Introdução
O avanço da medicina moderna, ao prolongar a vida por meio de tecnologias cada vez mais sofisticadas, trouxe à tona dilemas éticos e jurídicos sobre o momento e as condições da morte. A finitude da vida, antes vista como um evento natural, passou a ser frequentemente mediada por decisões clínicas e familiares complexas.
Neste contexto, termos como a eutanásia, ortotanásia, distanásia e mistanásia emergem no debate jurídico e bioético como expressões de diferentes atitudes diante do processo de morrer.
O presente artigo busca examinar cada uma dessas práticas, situando-as no panorama da bioética contemporânea e do direito brasileiro, de modo a contribuir para a reflexão sobre o direito à morte digna, a autonomia da vontade e os limites da intervenção médica.
Eutanásia: entre o alívio da dor e a violação da vida
A eutanásia, etimologicamente derivada do grego eu (bom) e thanatos (morte), significa “boa morte”. Trata-se da prática de provocar intencionalmente a morte de um paciente com o objetivo de evitar sofrimento extremo e irreversível.

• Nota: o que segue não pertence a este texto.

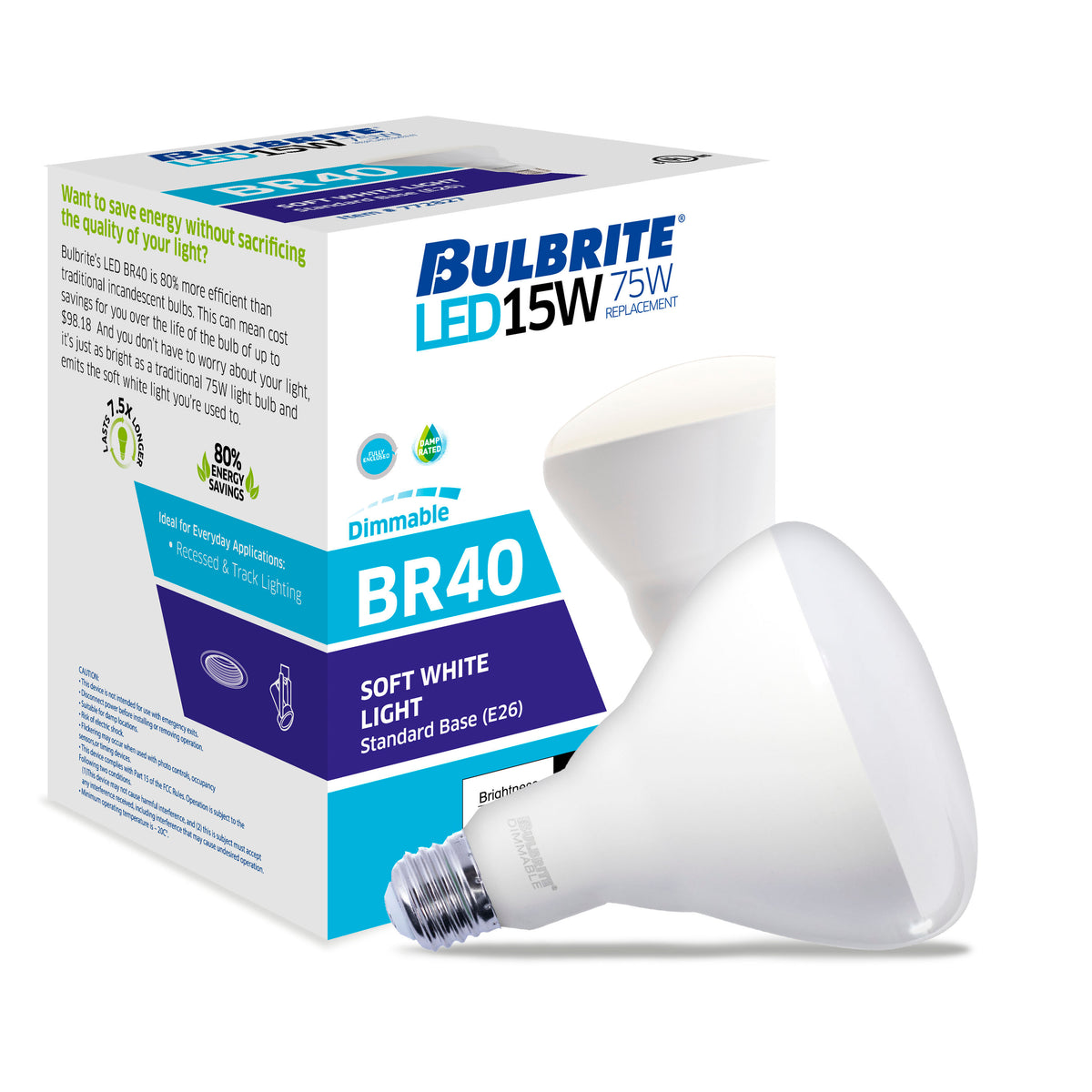 Bulbrite 772861 Bulbrite LED Filament 15 Watt Dimmable BR40 Light Bulb with Frost Glass Finish and Medium (E26) Base - 3000K (Soft White Light), 1400 Lumens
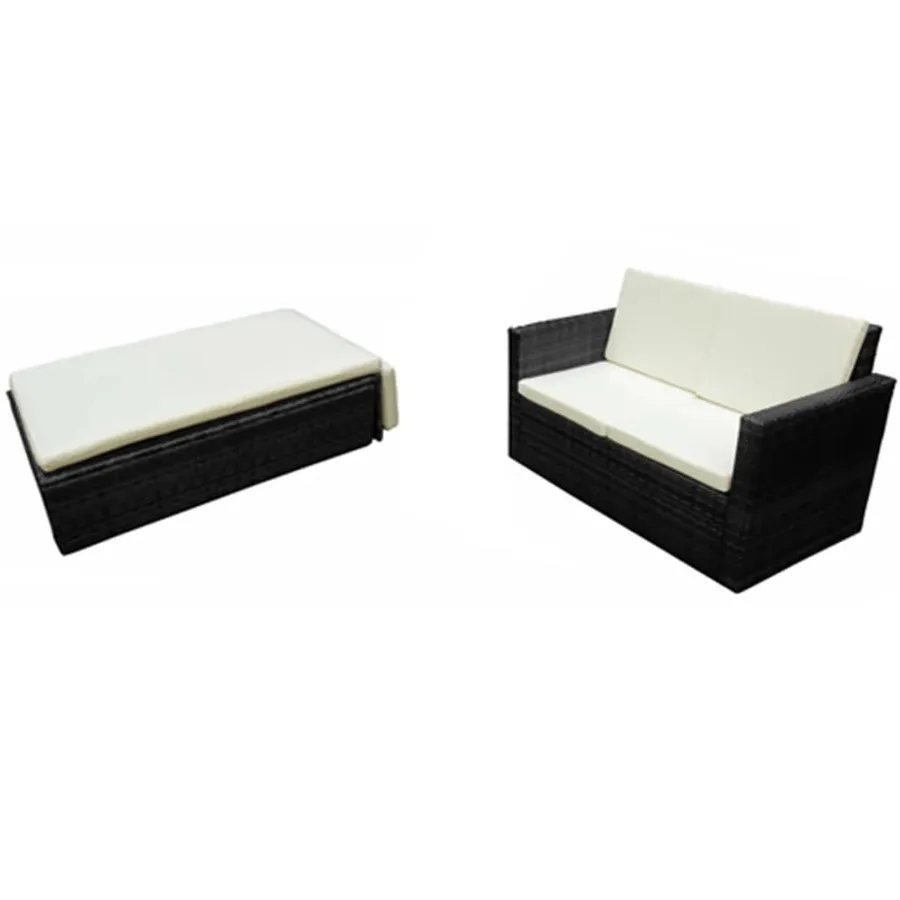 Salon de jardin 2 pcs avec coussins Résine tressée Noir - 2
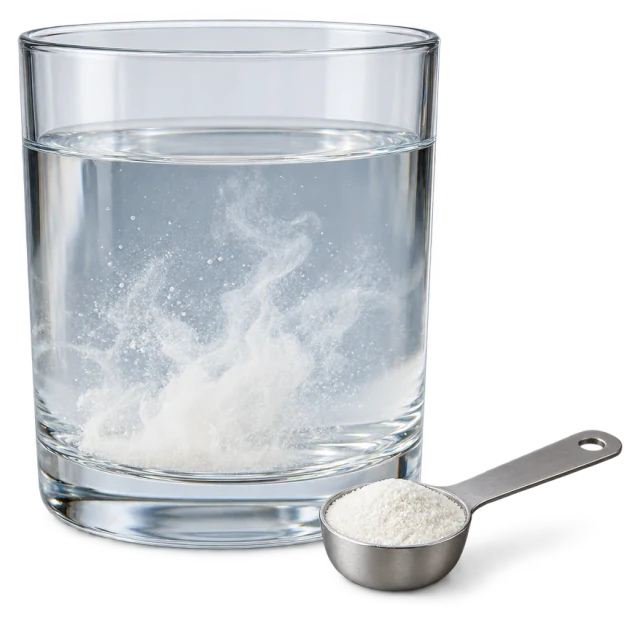 Illustration: a glass of water with dissolving powder and a measuring spoon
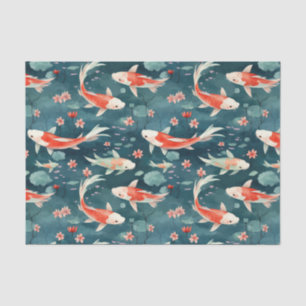 Japanese Koi Fish Pond Decoupage Tissue Paper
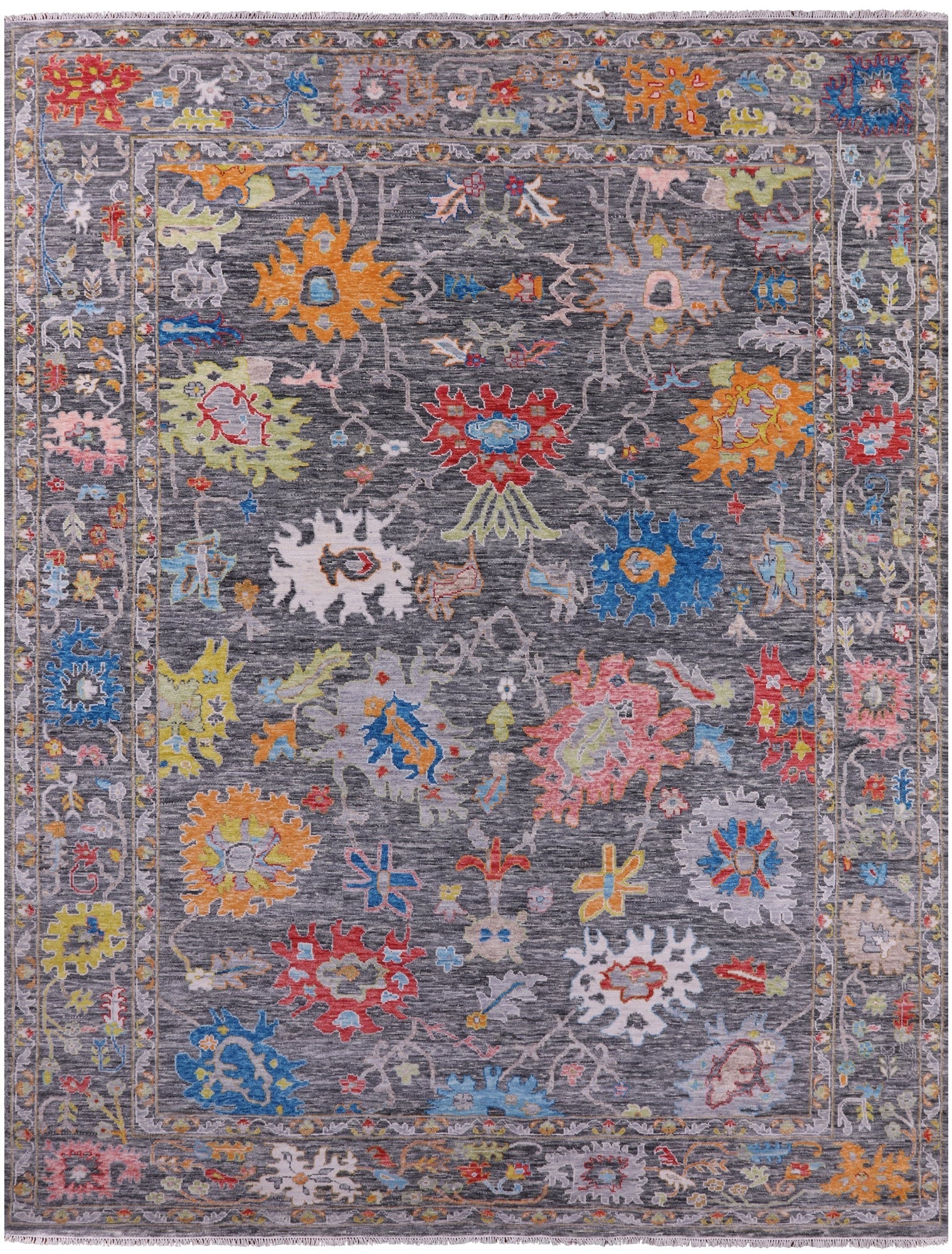 Grey Turkish Oushak Hand Knotted Wool Rug - 11' 11" X 15' 1" - Golden Nile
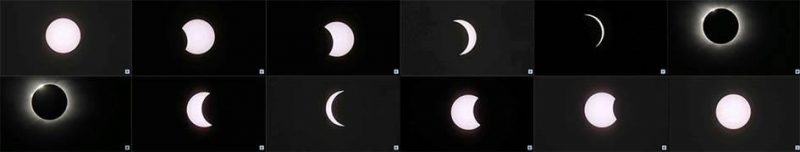 12 views of sun, from full through crescent to totally eclipsed and back.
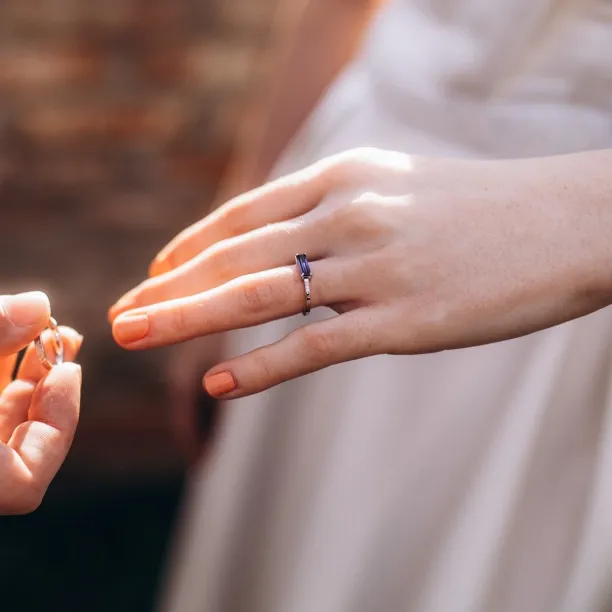 Gold ring with baguette blue lab grown sapphire and diamonds ODETA Image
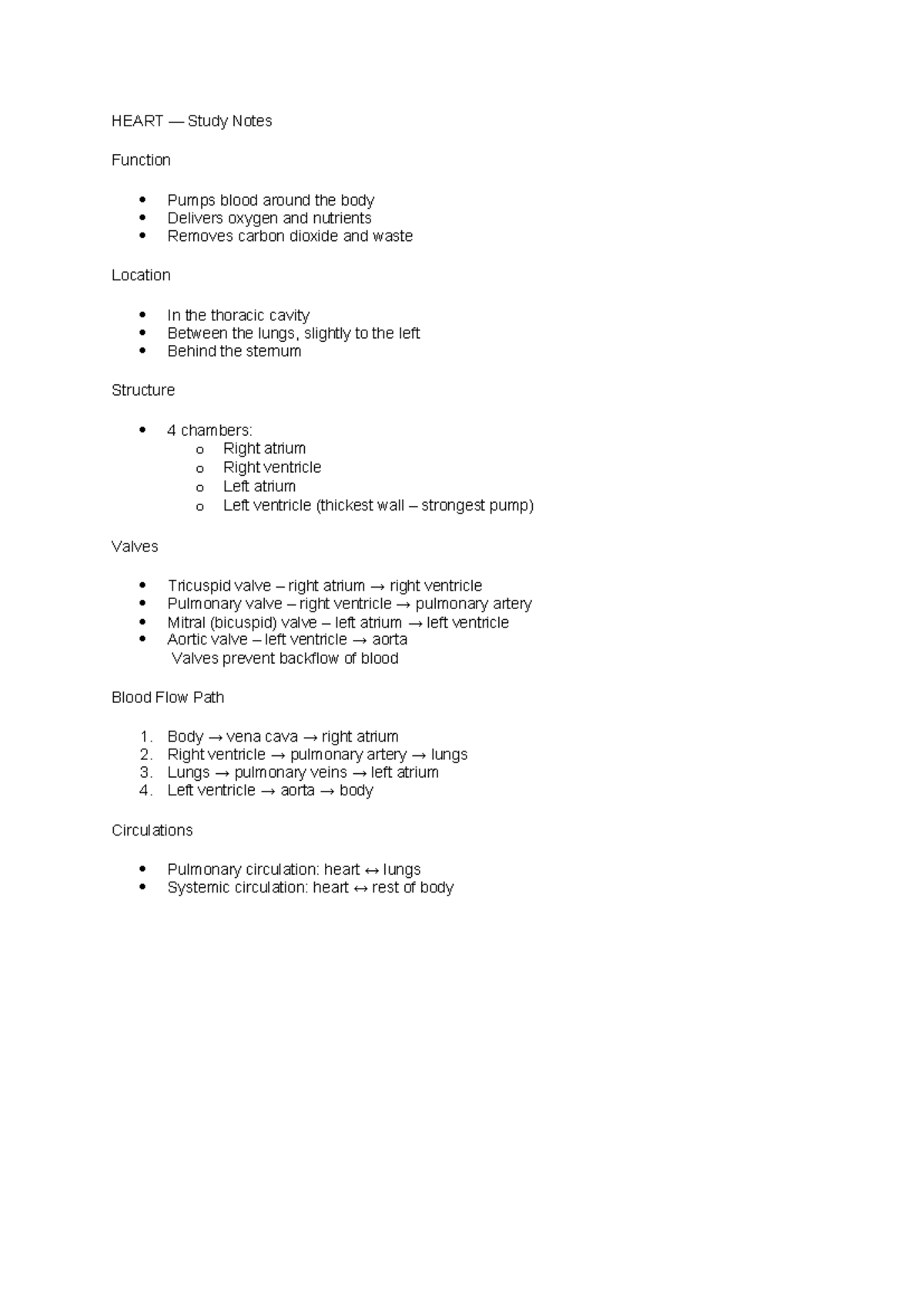 HEART Study Notes: Function, Structure, and Blood Flow (HP) - Studocu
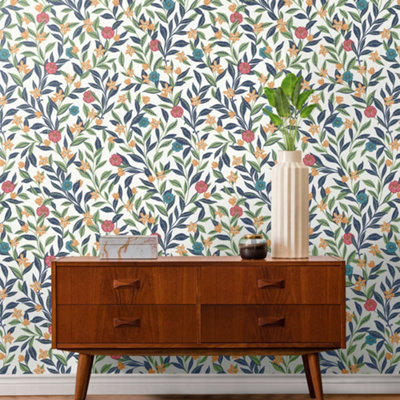 Galerie Mulberry Tree Multicoloured Floral Leaf Wallpaper Roll from B&Q
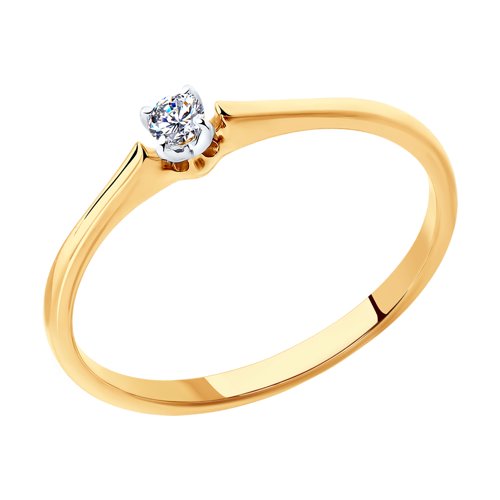 Золотое кольцо Sokolov из красного золота 585 пробы со вставками из драгоценных камней (бриллиант) ДИ1011354, размеры от 15 до 16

Do ponto de vista jurídico, a eutanásia continua sendo proibida no Brasil, enquadrando-se como homicídio (art. 121 do Código Penal), ainda que com possível atenuação de pena em razão do motivo de piedade. Mas mesmo que se entenda como privilegiado – conforme art. 121, parágrafo 1º do Código de Penal – não deixa de ser um homicídio.
Ética e religiosamente, a prática suscita debates sobre a inviolabilidade da vida versus o respeito à autonomia e à dignidade do indivíduo.
Apesar de sermos um país laico, a influência religiosa sobre este assunto tem pesado sobremaneira. A ideia de que a vida é um presente dado por uma divindade e que, portanto, não nos pertence ainda é muito forte e impede a criação de leis que reconheçam a autonomia do paciente com doença terminal.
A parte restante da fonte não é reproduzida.